In 1977, O'Prey left Oxford University to work for the author Robert Graves at his home in Deià, Mallorca. O'Prey assisted him in various ways, most notably working with Graves's wife, Beryl (died 2003), on the creation of a major archive of Graves's papers which is now housed at St John's College, Oxford.

That work led him to publish a biographical study of Graves told through his letters with other writers such as Siegfried Sassoon, T.S. Eliot and Gertrude Stein, published in two volumes: In Broken Images (Hutchinson, 1982) and Between Moon and Moon (Hutchinson, 1984). O'Prey's edition of Graves's Selected Poems (Penguin Books, 1986), published just after Graves's death in 1985, reinstated a number of poems which Graves himself had previously suppressed, including some of his youthful war poetry written during World War I.
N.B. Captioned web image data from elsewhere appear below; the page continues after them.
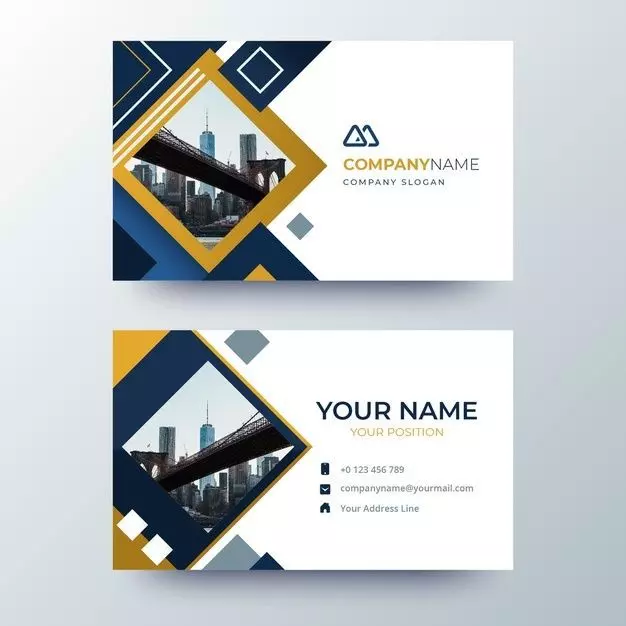 سوف اقوم بي تصميم بطاقات شخصية و اعمال محترفة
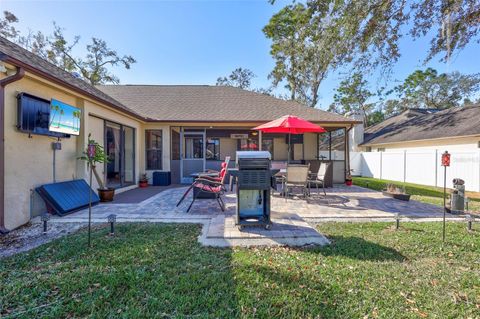 A home in VALRICO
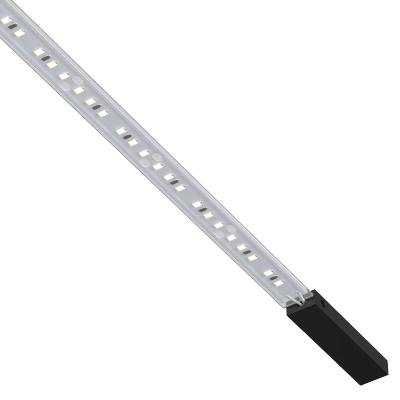 Трековый магнитный светильник Maytoni Flex TR160-1-50W3K-5B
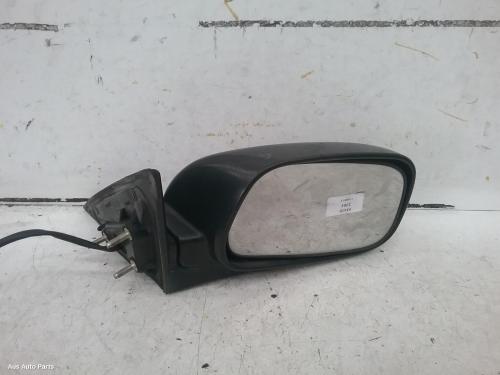 door mirror right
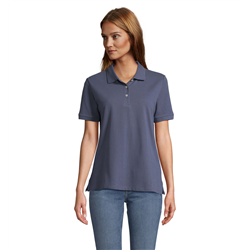 PACIFIC WOMEN POLO PACIFIC WOMEN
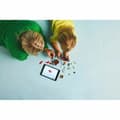 Miniatyrbild 7 av 7: Byggsats Lego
O'Prey's other books include Fleet, a collection of poems tracing the course of the lost River Fleet that flows beneath the streets of North London, published by The Melos Press in 2021.

O'Prey also writes about poetry and conflict. Counter-Wave: Poetry of Rescue in the First World War is the first anthology of poetry by volunteer workers who went to the war to save life rather than to take it. First World War: Poems from the Front, was published in 2014 by the Imperial War Museum, to coincide with the centenary of the war. It takes a new approach in focusing on a small number of poets who saw active service on the Western Front, including three women.

O'Prey translated with Lucia Graves the first English translation of the Spanish nineteenth century classic novel, The House of Ulloa by Emilia Pardo Bazan (Penguin Classics, 1991, reissued 2013). The book was later serialised by Channel 4.

O'Prey wrote the first full critical study of the novels of Graham Greene, and edited the Penguin edition of Heart of Darkness by Joseph Conrad (Penguin Books, 1983). He edited the first collection of poems by the American First World War nurse and novelist Mary Borden (Dare-Gale Press, 2015). His media appearances include BBC Two's War of Words: Soldier Poets of the Somme, broadcast in 2014 and a Channel 4 programme on drugs and art.

==Affiliations==

O'Prey has served on a number of bodies, including University of Sussex Council (2021–present); Universities UK Board and chair of the Longer Term strategy Group (2010–2019); the Edward James Foundation and West Dean College trustee (2015–present), Froebel Trust trustee (2013–19), Higher Education Funding Council for England Strategic Advisory Committee on Leadership Governance and Management (2005–11); Higher Education Careers Services Unit Board (2006–13); London Higher Board (2006–09); Sport England Higher Education Stakeholder Group (2008–present); Putney High School, governor (2004–09); editorial board of Despatches, journal of the Imperial War Museum; the War Poets Association (Board member 2007–present; President 2007–13); and Worldwide Universities Network Academic Board (2002–04).

==Career==
Prior to joining the University of Roehampton as vice-chancellor and chief executive when it gained independent university status in 2004, O'Prey spent 16 years at the University of Bristol, where he worked in a variety of capacities, latterly as Director of Academic Affairs.

==Awards==
In 2011, O'Prey received honorary doctorates from the University of Bristol and Manhattanville College (New York).

==Honours==
O'Prey was appointed Commander of the Order of the British Empire in the 2016 Birthday Honours for services to higher education and the literary history of the First World War.